====== DATA RECORDS

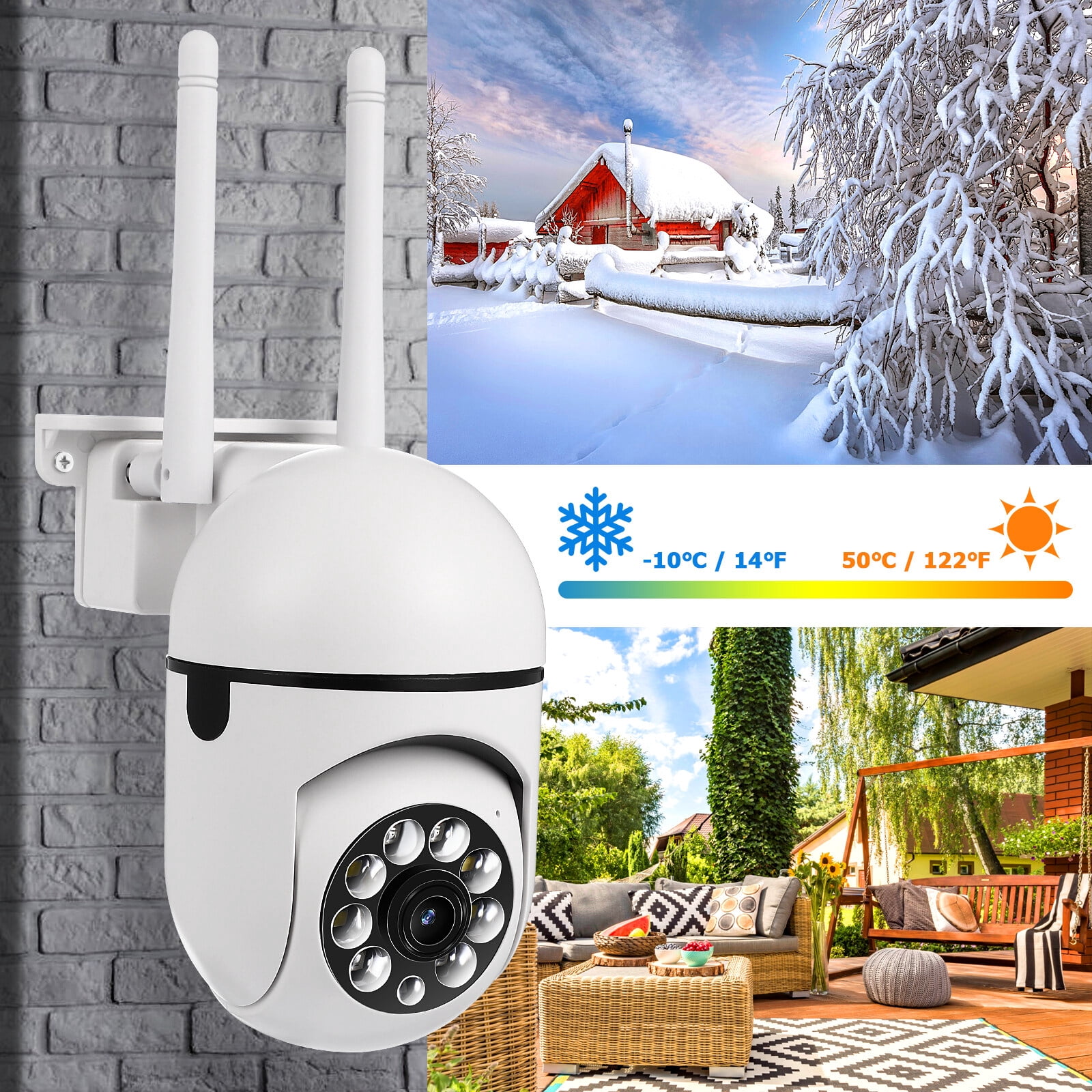 Cameras for Home/Outdoor Security, 2MP Solar Security Cameras Outdoor with 355?PTZ, Spotlight, Motion Detection, Siren, Color Night Vision, 2-Way Talk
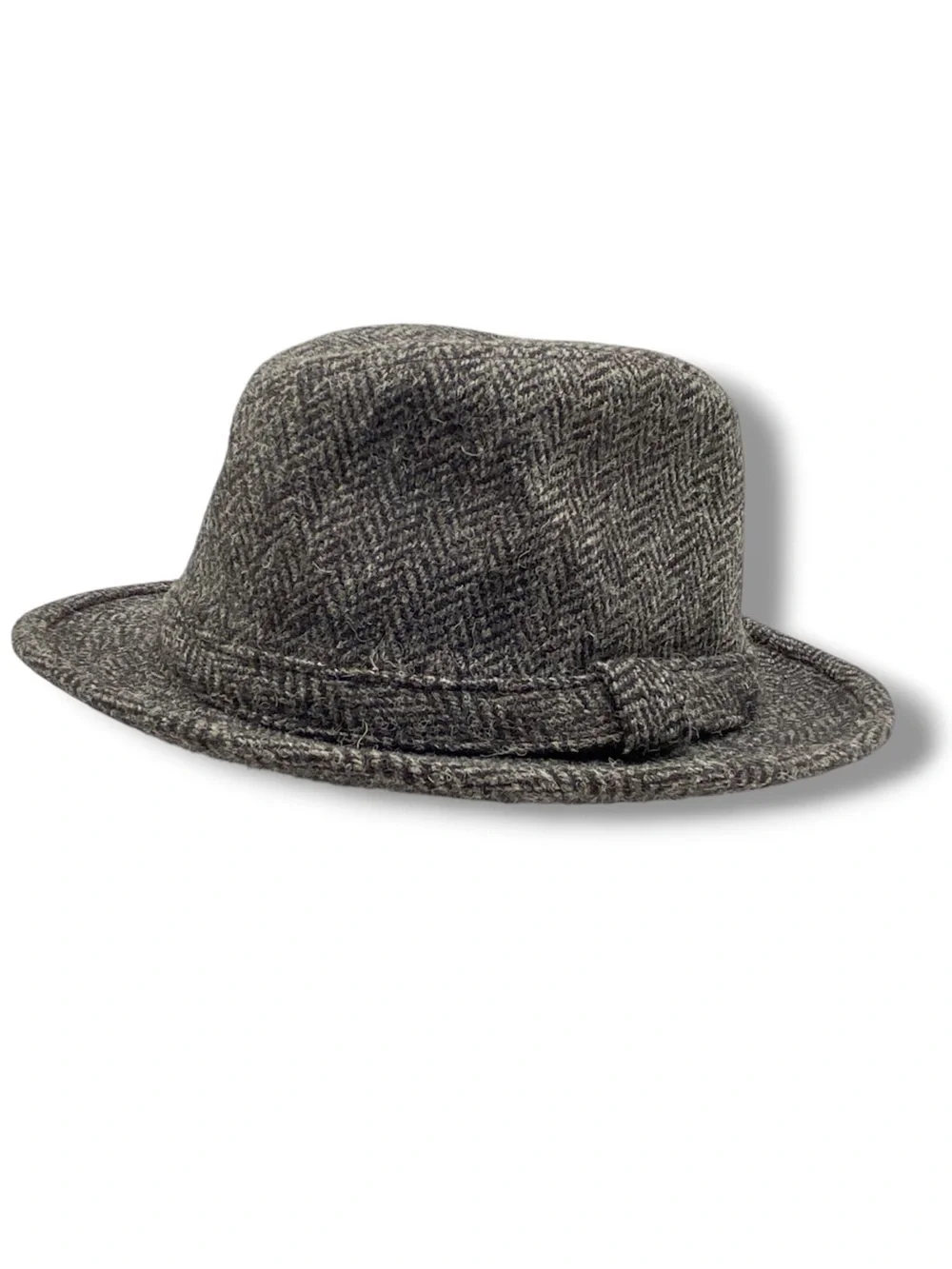 Christys’ London Harris Tweed Wool Fedora Hat Gray Herringbone Size L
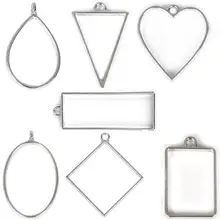 Abrir Voltar Moldura Quadro Pingentes Assorted Pressionado Da Flor Geométrica Oca Encantos Quadro Ofícios da Resina Para Colar Brincos Pulseira(China)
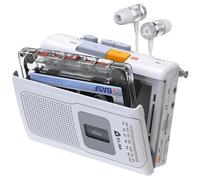KLIM K8 Lecteur Cassette Audio - Enregistreur Cassette - Nouveau Player - Radio AM/FM - Microphone et Haut-Parleur Intégrés - Prise Casque et Écouteurs - Blanc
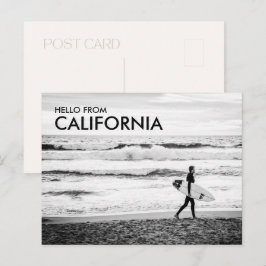 カリフォルニアのビーチからのモダンなブラック＆ホワイトのハロー ポストカード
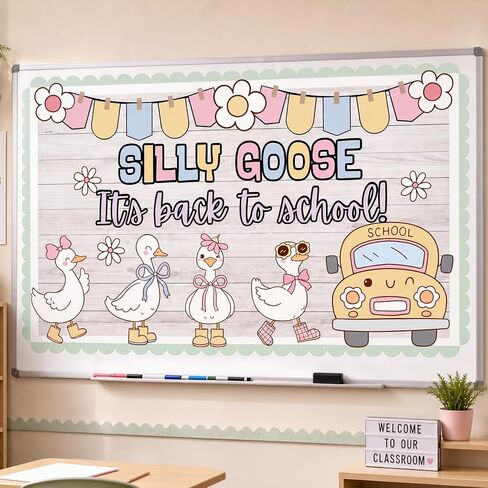 44 Pcs Silly Goose Classroom Decor Back to School Bulletin Board Decoration Set School Bus Silly Goose Paper Cutout Floral Banner for First Day of Schools Classroom Office Chalkboard Wall Door Decor in Kuwait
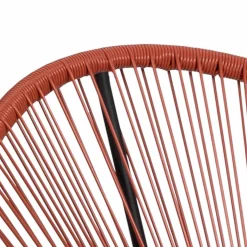 Salon de jardin fil plastique terracotta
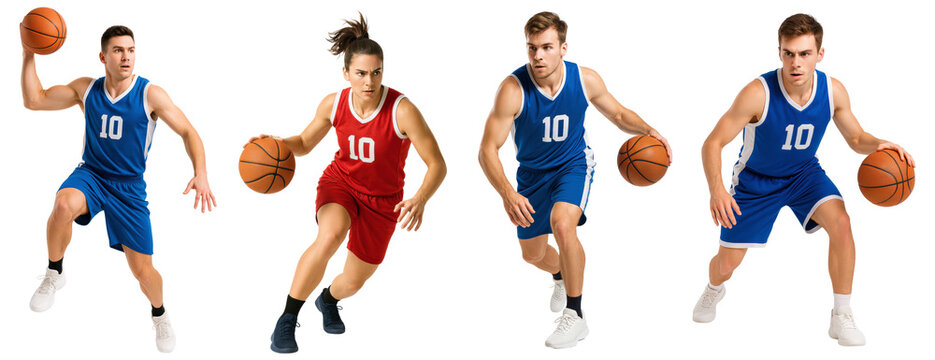 Male and female basketball players dribbling ball in action pose wearing uniforms, isolated on transparent background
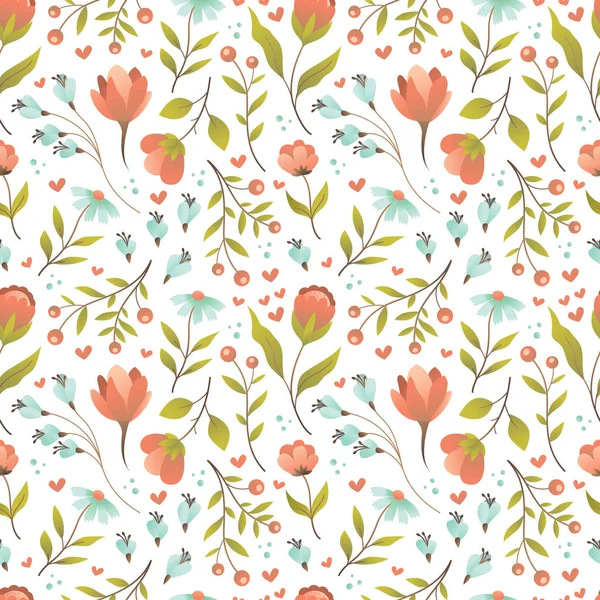 Textura Perfecta Con Motivos Florales — Vector de stock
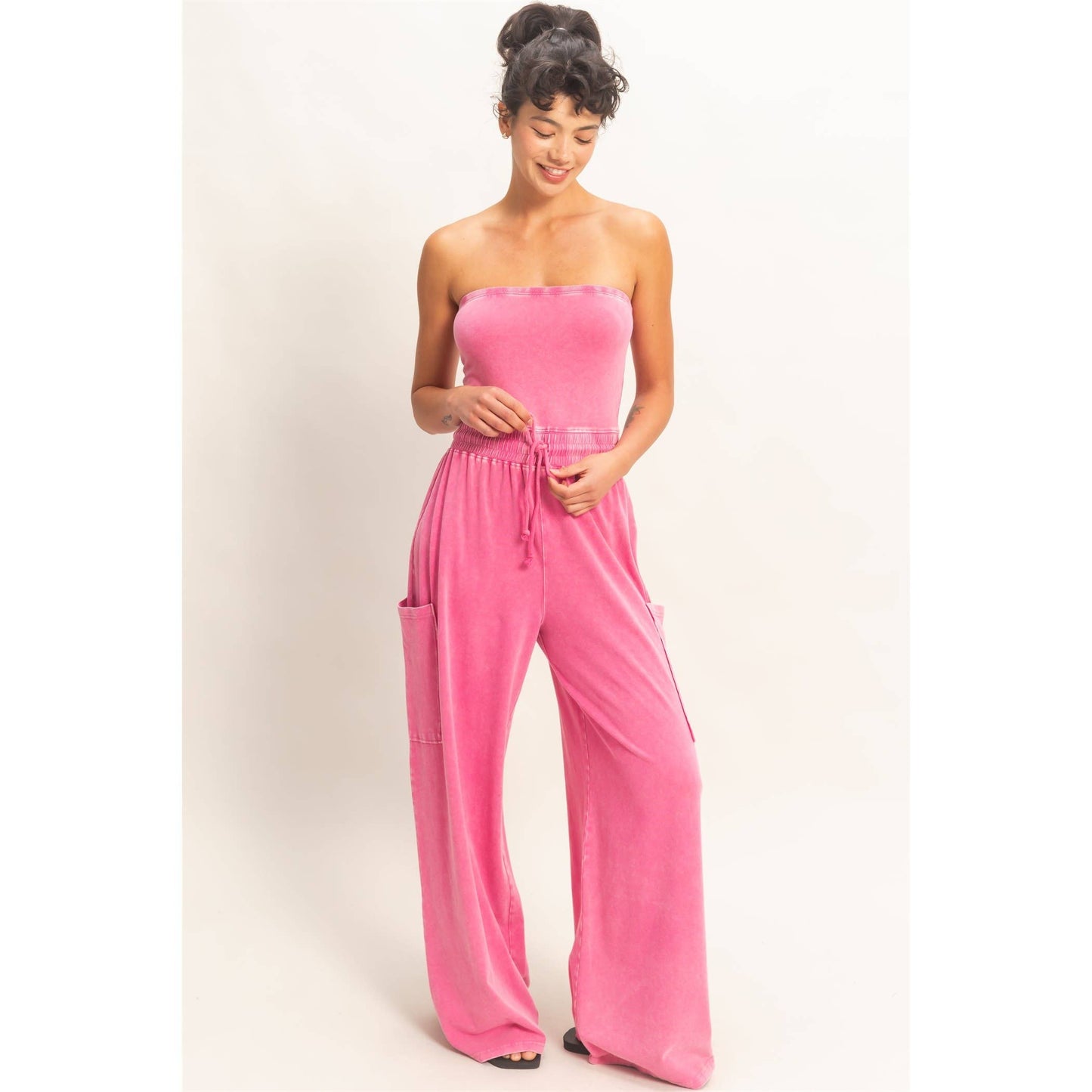 Mineral Wash Strapless Wide-Leg Jumpsuit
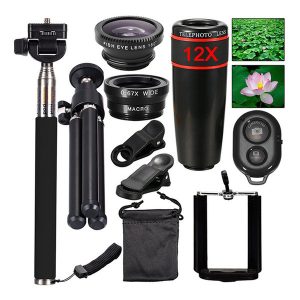 10-in-1 12x/8x zoom telep lens super wide angle-lightweight tripod fish eye wide angle selfie-stick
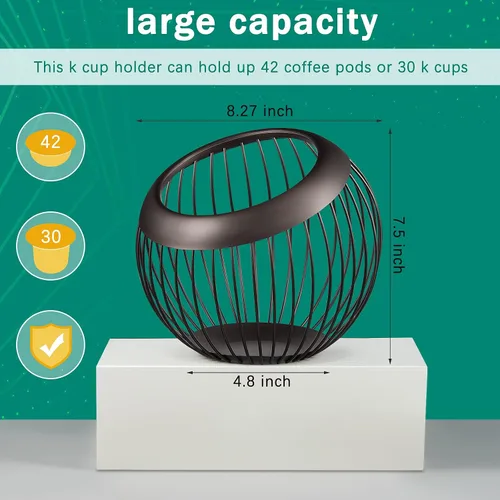 Miniatura 2 de Soporte para cápsulas de café, 2 unidades, soporte para cápsulas K de gran capacidad, organizador de tazas de acero inoxidable, resistente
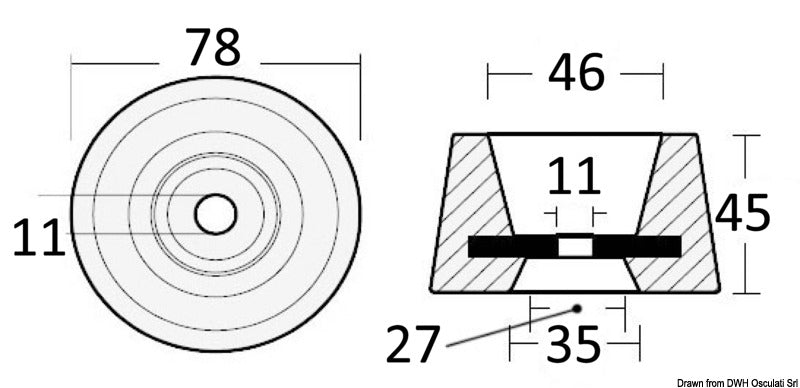 Tecnoseal Aluminium circular anode single-bolt mounting - foto originale Osculati Srl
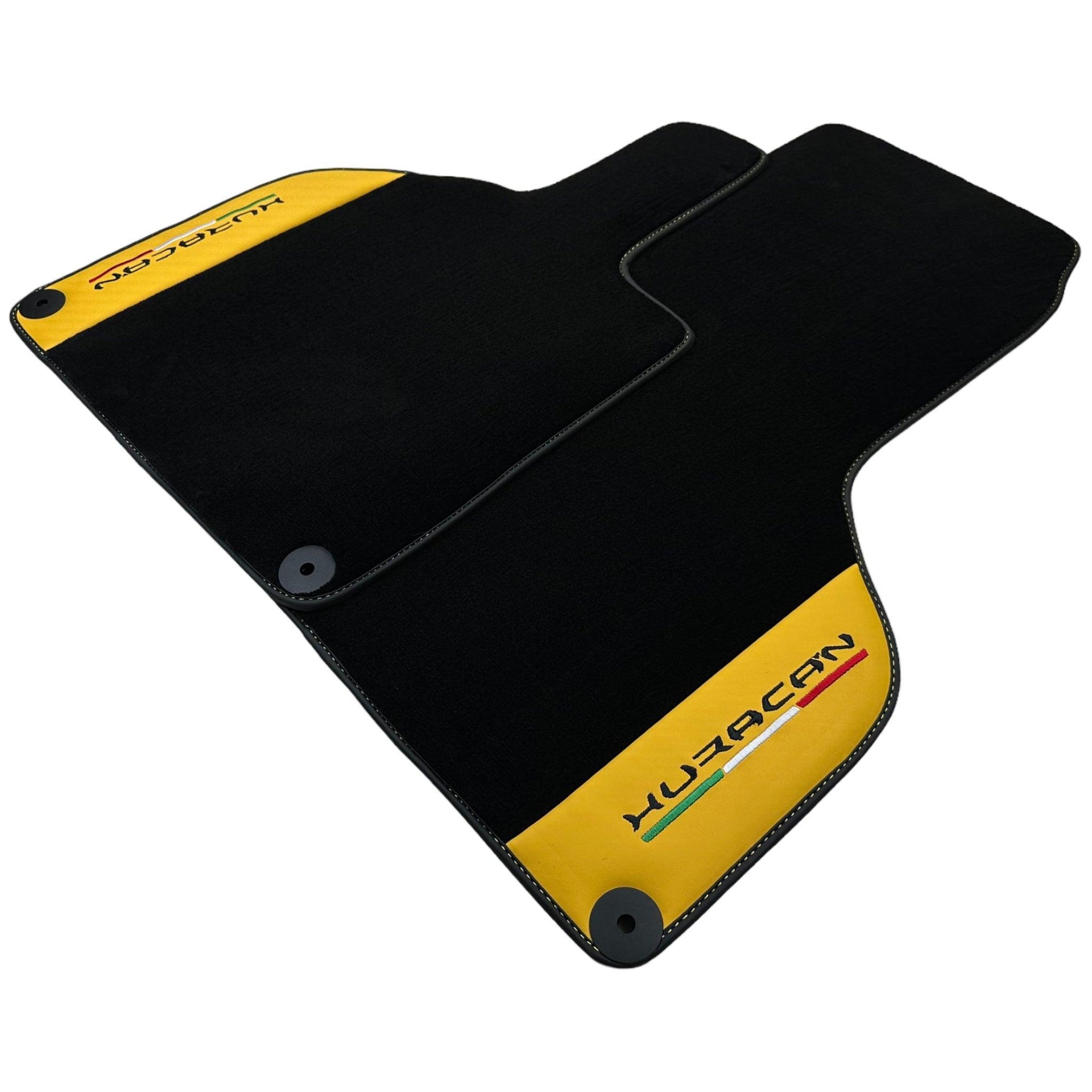 Black Floor Mats for Lamborghini Huracan With Yellow (Giallo Taurus) Nappa Leather - AutoWin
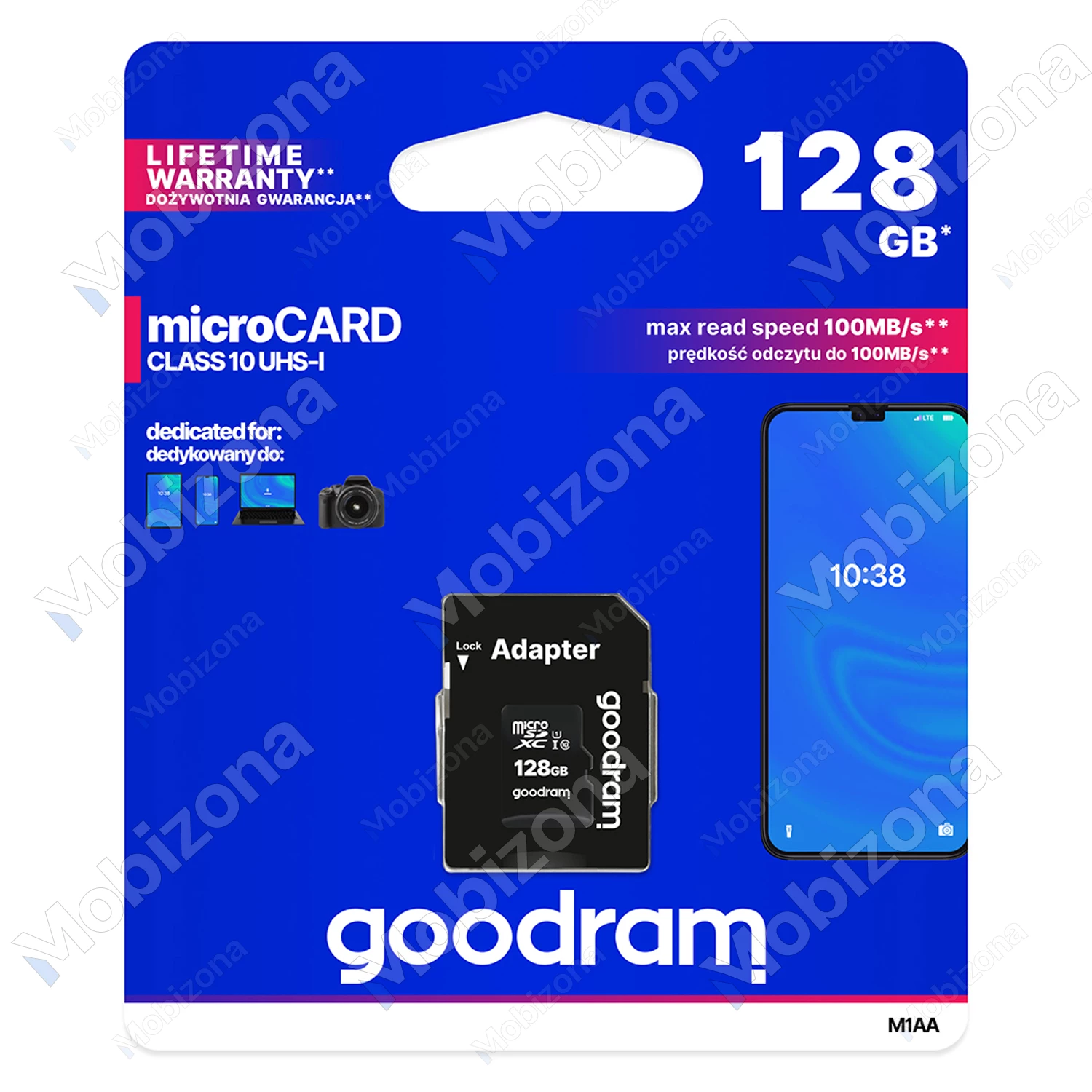 Memory Card microSD 128GB with SD Adapter GOODRAM M1AA (100 Mb/s, U1, UHS-I, Class 10)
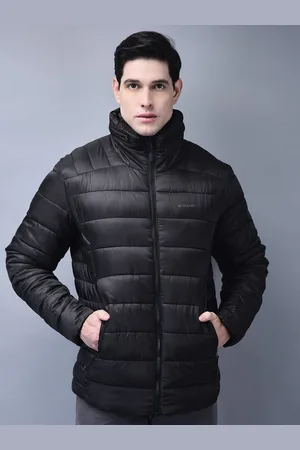 Woodland Men Mock Collar Solid Casual Puffer Jacket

============

EXERCISE DIRECTIONS
A clean copy is needed of the lines above from the one with "Tecnoseal Aluminium circular" up to and including the one with "Black Floor Mats". Please set it down exactly, with no pictures.

RESULT OF THIS EXERCISE
 Tecnoseal Aluminium circular anode single-bolt mounting - foto originale Osculati Srl
 Black Floor Mats for Lamborghini Huracan With Yellow (Giallo Taurus) Nappa Leather - AutoWin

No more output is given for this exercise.